As a young artist, Reuben Kadish experimented with “Post-Surrealism,” the art movement launched by Helen Lundeberg and her teacher Lorser Feitelson. Post-Surrealism proposed to extend surrealism’s freewheeling alterations of scale, subject matter, and narrative plausibility by arrangements of analogous objects whose relationships evoked grand classical ideas, usually regarding the nature of aesthetics, creation, or sexuality.

Many Post-Surrealist works juxtapose macrocosmic and microcosmic symbols in order to demonstrate the integrated nature of existence, sharing a self-consciousness about the act of art making. Reuben Kadish’s Lamentation is a skeptical rumination on traditional Christian iconography, framed with a depicted painting within the painting executed in the neoclassical style of the Italian Renaissance. Toying with perspectival space, Kadish presents a brick block in the foreground, evoking the platform of the tomb of Christ as depicted by Italian masters such as Piero della Francesca and Andrea Mantegna.
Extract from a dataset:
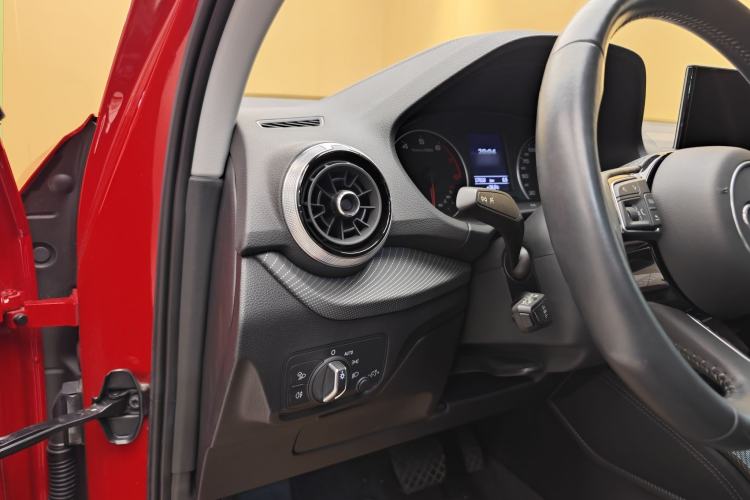 Used Audi Q2L 2022 35 TFSI Progressive Dynamic Edition
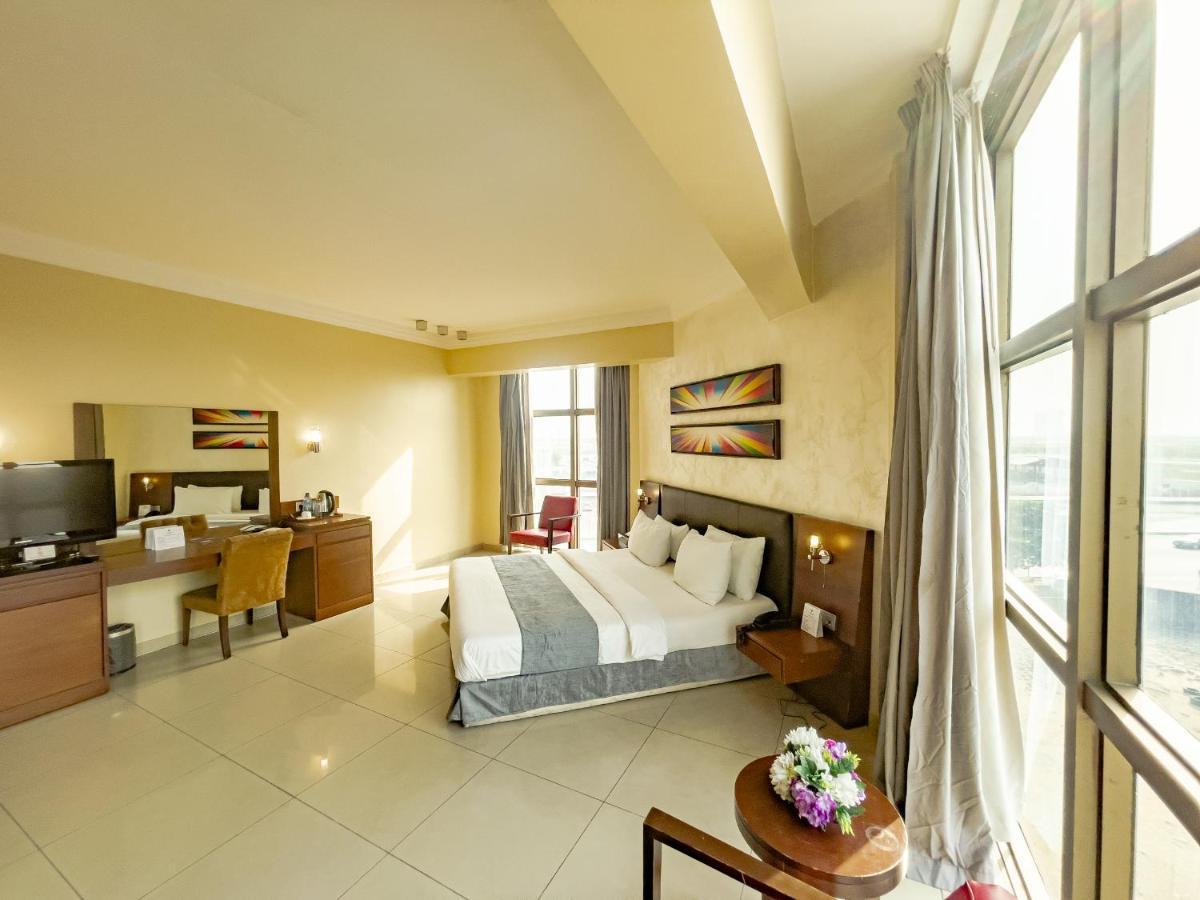 The Avenue Suites Lagos Extérieur photo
The open tomb covering is suggested by a slab leaning against one of two long stone walls leading to a stark Italianate mountainscape in the background. In this odd space Kadish presents symbols that evoke the grief and wonder associated with the Crucifixion and the witnessing of the Resurrection.

A model of an eyeball in cross-section is jerry-rigged by string to the tomb’s cover, on which is drawn a faucet that drips onto a bubble wand. Placed opposite this mechanical suggestion of tears (or lamentation) is a black glove and a noose—evidence of mankind’s wrongdoing. The skull-like rock behind the platform confirms the maleficence. A hanging skeletal effigy painted on the left of the frame is opposed on the right by a shroud depicting a burgeoning seed in the form of a strange homunculus. Although giving no concrete evidence of the resurrected Christ, Kadish offers a hint of hopefulness on this stage set for imagined miracles.